Earnings before interest, taxes, DD&A, non-cash general and administrative expenses and exploration ("Adjusted EBITDAX") was $31.5 million in the quarter compared to $45.2 million in the prior year period and $27.1 million in the prior quarter.   

Discretionary cash flow ("DCF"), defined as net cash provided by operating activities before changes in working capital was $20.9 million in the quarter compared to $34.8 million in the prior year period and $16.3 million in the prior quarter.  Net cash provided by operating activities was $29.6 million compared to $47.4 million for the prior year period.

For the prior year period, both Adjusted EBITDAX and DCF were positively impacted by a $21.3 million gain on realized derivative settlements compared to a $0.1 million gain in the current quarter.

(See accompanying tables at the end of this press release that reconcile Adjusted EBITDAX and DCF, each of which are non-GAAP financial measures, to their most directly comparable GAAP financial measure.)

NET INCOME

The Company announced a net loss applicable to common stock of $20.1 million for the quarter or ($0.55) per basic share, versus a net loss applicable to common stock of $4.7 million or ($0.13) per basic share in the prior year period.  Adjusted net loss applicable to common stock was $23.0 million, which excludes the impact of the unrealized gain on derivatives not designated as hedges of $11.0 million, non-recurring exploration expense of $0.6 million and lease expirations of $7.5 million.

(See accompanying tables at the end of this press release that reconcile adjusted net loss applicable to common stock, a non-GAAP measure, to its most directly comparable GAAP financial measure.) 

REVENUES

Revenues for the quarter were $48.5 million versus $41.3 million in the prior year period.  Average realized price per unit for the quarter was $7.22 per Mcfe versus $5.00 per Mcfe in the prior year period.  When factoring in the realized gain on derivatives not designated as hedges, average realized price per unit was $7.23 per Mcfe versus $7.58 per Mcfe in the prior year period.

(See accompanying tables at the end of this press release that reconciles Adjusted Revenues, a non-GAAP measure, to its most directly comparable GAAP financial measure.) 

OPERATING EXPENSES

Lease operating expense ("LOE") was $5.9 million in the quarter or $0.88 per Mcfe versus $6.7 million or $0.81 per Mcfe in the prior year period.  LOE included $1.1 million or $0.17 per Mcfe for workovers performed in the quarter primarily in the Eagle Ford Shale trend.

Production and other taxes for the quarter were $2.7 million or $0.41 per Mcfe versus $2.1 million or $0.25 per Mcfe in the prior year period driven by higher oil volumes as a percentage of total volumes which carries a higher severance tax rate.     

Transportation and processing expense was $2.5 million, or $0.37 per Mcfe in the quarter versus $3.5 million or $0.43 per Mcfe in the prior year period. 

Depreciation, depletion and amortization ("DD&A") expense for the quarter totaled $34.5 million or $5.18 per Mcfe versus $34.6 million or $4.17 per Mcfe in the prior year period.
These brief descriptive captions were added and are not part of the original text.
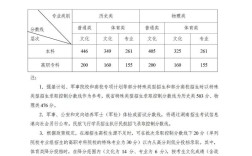 湖南常宁高考录取分数线是多少？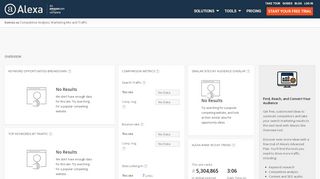 
                            3. Alexa - Komsis Competitive Analysis, Marketing Mix and Traffic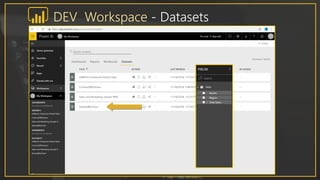 DEV Workspace - Datasets
 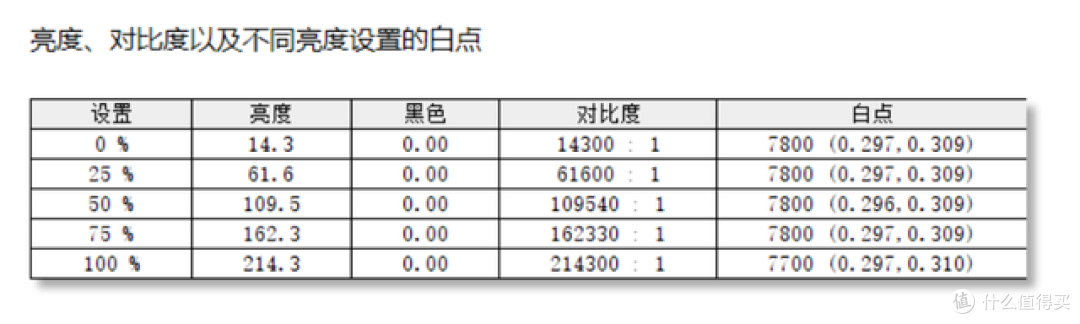 QD-OLED有那么神?一眼难忘的4K视觉惊艳 掠夺者X32 V2详测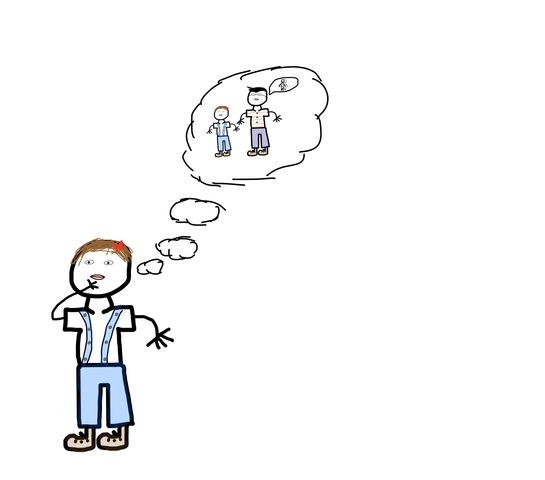 Page 77, Chapter 7 Continued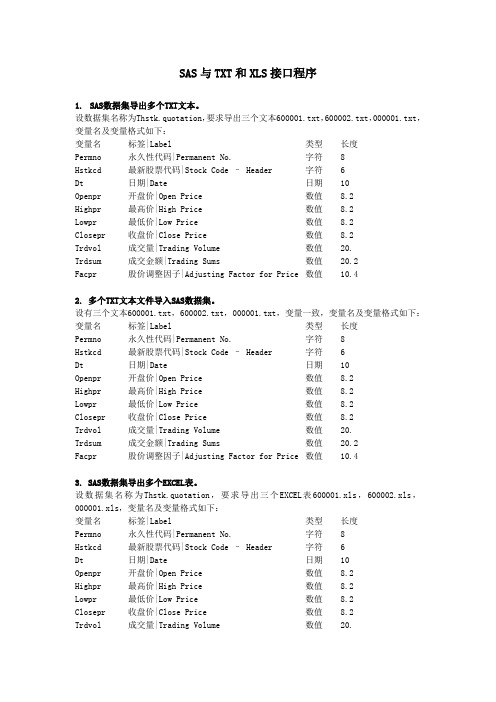 金融数据库——SAS与TXT和XLS接口程序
DD&A rate for the quarter was higher than the prior year due to a higher percentage of production volumes coming from oil which properties carry a higher DD&A rate.  DD&A expense per unit was $5.84 per Mcfe for the prior quarter.

Exploration expense was $9.5 million, or $1.43 per Mcfe for the quarter versus $2.0 million or $0.24 per Mcfe in the prior year period.  Approximately $7.5 million or 78% of exploration expense for the quarter was a non-cash expense for the expiration of undeveloped leasehold.  As part of its ongoing review of capital allocation, the Company elected not to renew expiring leases in its non-core Eagle Ford Shale trend acreage.  Exploration expense for the quarter also includes $0.6 million in seismic expense.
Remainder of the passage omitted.